Com isso pareciam prognosticar a caducidade da manutenção dum velho político como Eduard Chevardnadze no poder na Geórgia, até por que Chevardnadze, moderado e moderador, havia aberto as portas e possibilitado a ascensão de elementos de pressão ligados aos interesses ocidentais, como Nino Burdzhanadze (actual Presidente interina e ex Presidente da Assembleia da República da Geórgia) e facilitado o papel, nesse quadro, dos seus opositores Mikaheil Saakashvili, líder do “Movimento da União Nacional” e Zurab Zhavania, do “União dos Democratas”.

As mudanças começaram a tomar corpo, tendo como sinal longínquo a reactivação de James Baker, pela actual administração Bush, decidida em função da evolução da situação post 11 de Setembro de 2001 e em especial, após a ofensiva americana no Iraque, contra o regime de Saddam Hussein.

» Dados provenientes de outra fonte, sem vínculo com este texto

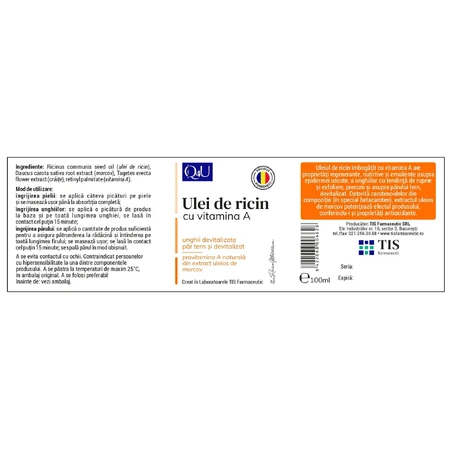 Castor oil with Vitamin A, 100 ml, Tis Farmaceutic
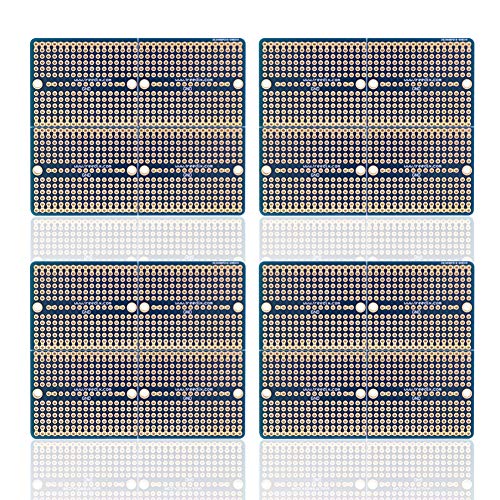 Treedix 4 piezas Placa Universal Soldable Breadboard Diseño Dividido PCB Prototipo Shield Placa Doble Cara Estañada Agujeros Chapados en Oro Compatible con Kit Arduino Raspberry Pi Prototipado y Pruebas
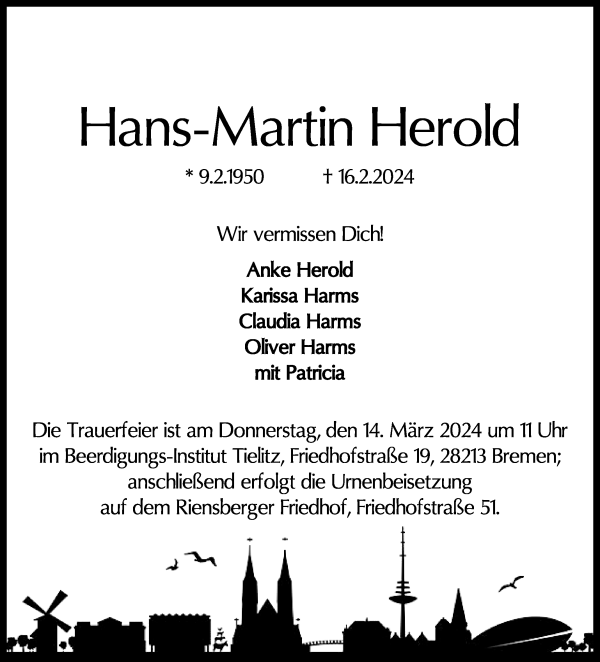 Traueranzeige von Hans-Martin Herold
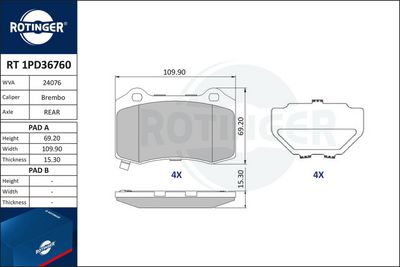 комплект спирачно феродо, дискови спирачки ROTINGER RT 1PD36760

A 4 e 5 de Julho de 2003 a Casa Branca determinara a ida de James Baker a Tbilissi como“Enviado Presidencial”, tirando partido da velha amizade dele com Eduard Chevardnadze, a fim de, segundo o que foi tornado público, tratar de:

- “Reformas políticas e económicas na Geórgia”.

- Discutir a “cooperação americana e da Geórgia em relação às actividades de resposta ao terrorismo” na região.

- Activar o “combate à corrupção”, com vista a aprofundar a democracia (conforme aos procedimentos típicos duma “Open Society”).

Nessa altura, mais que alterações substanciais no jogo geoestratégico no Cáucaso e particularmente na Geórgia, ficava implícita a possibilidade de “mudança” do regime, com a saída de Eduard Chevardnadze, pelo que se entrava na via do “pressing” da oposição sobre o poder.

Para isso James Baker contava já com a dinâmica americana que enquadrava localmente os “bons ofícios” da “Open Society” de George Soros, que avisadamente desde Fevereiro de 2003, já havia começado a implementar o “módulo Geórgia”, no sentido de impulsionar as suas articulações disponíveis para o “pressing” político e social, tirando partido da acção psicológica sistemática sobre o eleitorado, servindo de cobertura aos evidentes interesses da aristocracia financeira mundial, autora distante das transformações que se iam operando também e a seu favor, no Cáucaso.